O último final de semana de julho de 2015 era, tradicionalmente, recebido com ansiedade em Bento Rodrigues e a data no calendário costumava destacar-se mais do que as outras. Uma energia diferente tomava os arredores, semanas antes do início da festa de São Bento, padroeiro da pacata comunidade. Os ensaios do coral da Igreja fluiam, incessantemente, para alcançar as notas perfeitas na hora da apresentação. Até as rodadas de truco, que aconteciam ao lado da Capela de Bento, no Bar da Sandra, parada obrigatória para quem visitava o subdistrito, tinham outro clima ao longo do período que antecedia o grande evento.

As comemorações de São Bento, em julho, e de Nossa Senhora das Mercês, em setembro eram as únicas quebras de sossego do primeiro subdistrito devastado pelas ondas da Samarco. Em Bento, era comum ver crianças sacolejando para lá e para cá o dia todo na rua, sem deixar os pais preocupados. Como todos se conheciam, sempre tinha alguém tomando conta dos pequenos e o movimento de carros nunca foi dos maiores. A rotina dos moradores dividia-se em longas caminhadas pelas ruas, colher os frutos das hortas caseiras, acordar com o galo cantando para abrir os pequenos comércios, prosear, e visitar o centro de Mariana. Os domingos eram reservados para gozar das belezas da comunidade, aproveitar as tardes na praça e, no final do dia, ir à missa.

Paracatu de Baixo, outro subdistrito devastado pelo rompimento de Fundão, vivia o mesmo clima de interior mineiro que seu ‘irmão’, Bento Rodrigues. Era comum um cumprimento entre os moradores que se cruzavam nas vielas de paralelepípedos se tornar um café da tarde, sempre acompanhado de muita conversa, risadas e pão de queijo quentinho. A vizinhança era extensa e a tranquilidade tão grande que muitas casas não tinham portões. Próximo ao Natal, a comunidade ganhava cor; a agitação e ansiedade tomavam conta de todos dos preparativos para a maior festa da região: a Folia de Reis de Paracatu de Baixo.

Os dois lugares, desde os séculos passados, já despertavam a curiosidade dos viajantes pela simpatia e fé. As Igrejas de Bento e Paracatu eram seculares e os maiores bens que os subdistritos guardavam em seus quintais. Num piscar de olhos, naquele 5 de novembro de 2015, a lama veio e congelou as cenas do cotidiano. Tudo ficou exatamente em seu lugar e, hoje, meses depois da tragédia, quem ainda volta às comunidades, encontra os pertences - aqueles que não foram saqueados - misturado aos rejeitos de minério. Pedaços de histórias esparramados por aí.
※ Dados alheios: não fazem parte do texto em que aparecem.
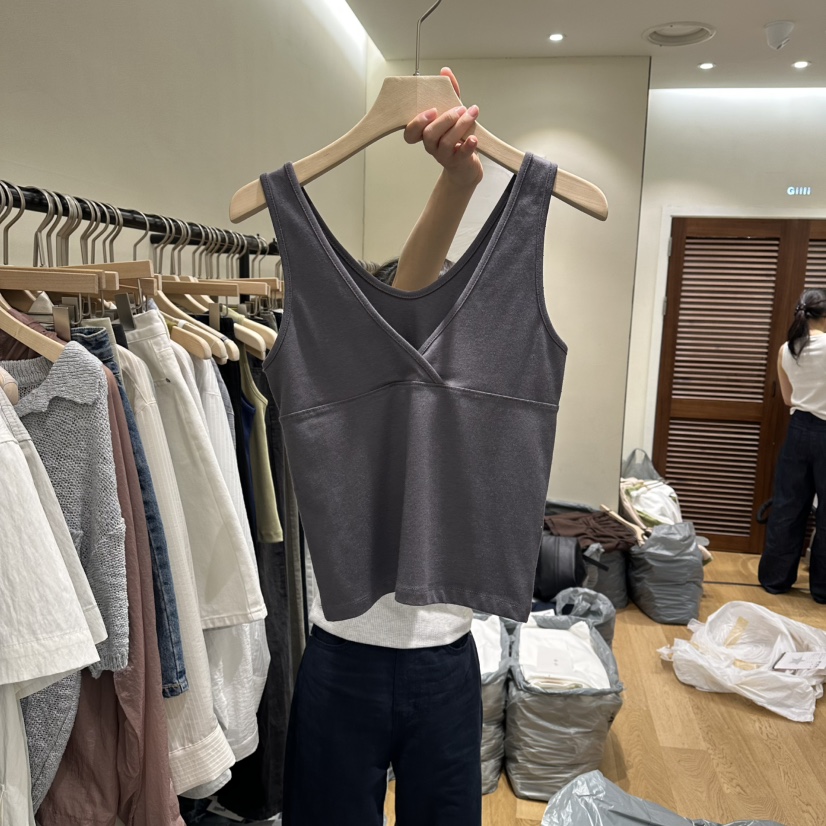 GILLI韓國直郵實拍女裝新品熱賣時尚人氣職業推薦吊帶背心GILLI吊帶/背心圖色2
O que sobrou são cidades abandonadas. Acenderam as luzes. Fim de festa.

Em abril de 2016, já fazia seis meses que Maria das Graças, mais conhecida como Dona Maria, chegava em casa e não encontrava sua fiel cadela na porta de casa lhe esperando. Luli às vezes estava deitada dormindo perto da entrada, às vezes vinha correndo em sua direção, apoiando as patinhas no seu colo e latindo as notícias do dia. Nunca mais apareceu depois do rompimento. Soterrada pela lama, provavelmente, era uma familiaridade a menos naquela cidade que Dona Maria foi obrigada a chamar de casa: Mariana em Minas Gerais.

No lugar das ruas quentes de Bento, onde conhecia tudo como a palma da mão calejada por anos de trabalho na roça, existia as vielas escuras de Mariana, que não inspiravam mais confiança do que uma caverna sombria. Não conhecia nada ali e verdade seja dita, mesmo passado o tempo, tinha medo de conhecer. Os caminhos não eram os mesmos do saudoso Bento, onde podia passear a vontade, onde cumprimentava quem quer que passasse ao seu lado, pois conhecia as 630 pessoas que ali moravam. De vista, de nome ou de intimidade. “Zézinho da Irene, Vintinho do bar da Geralda...” recitava os nomes do seu antigo cotidiano.

  • No centro de Mariana, Dona Maria tenta reconstruir a vida
    Rafael Turchetti

  • Dona Maria tentando andar sobre os escombros em Bento Rodrigues
    Sarah Bulhões

Pensava no Bento com frequência, nos cultos de domingo de manhã, na festa da comunidade da igreja, na comida boa que fazia para a família inteira durante feriados. Ainda era abril, mas já pensava com saudades no Natal da vizinhança. Agora todos estavam separados, espalhados pela cidade, distanciados não por algumas boas passadas, mas por caminhos tortuosos, desconhecidos e cheios de carros. “Tenho saudade...” dizia. Especialmente do netinho, Júlio, cuja convivência, antes do mar de lama, era constante. Agora precisava de um ônibus para vê-lo.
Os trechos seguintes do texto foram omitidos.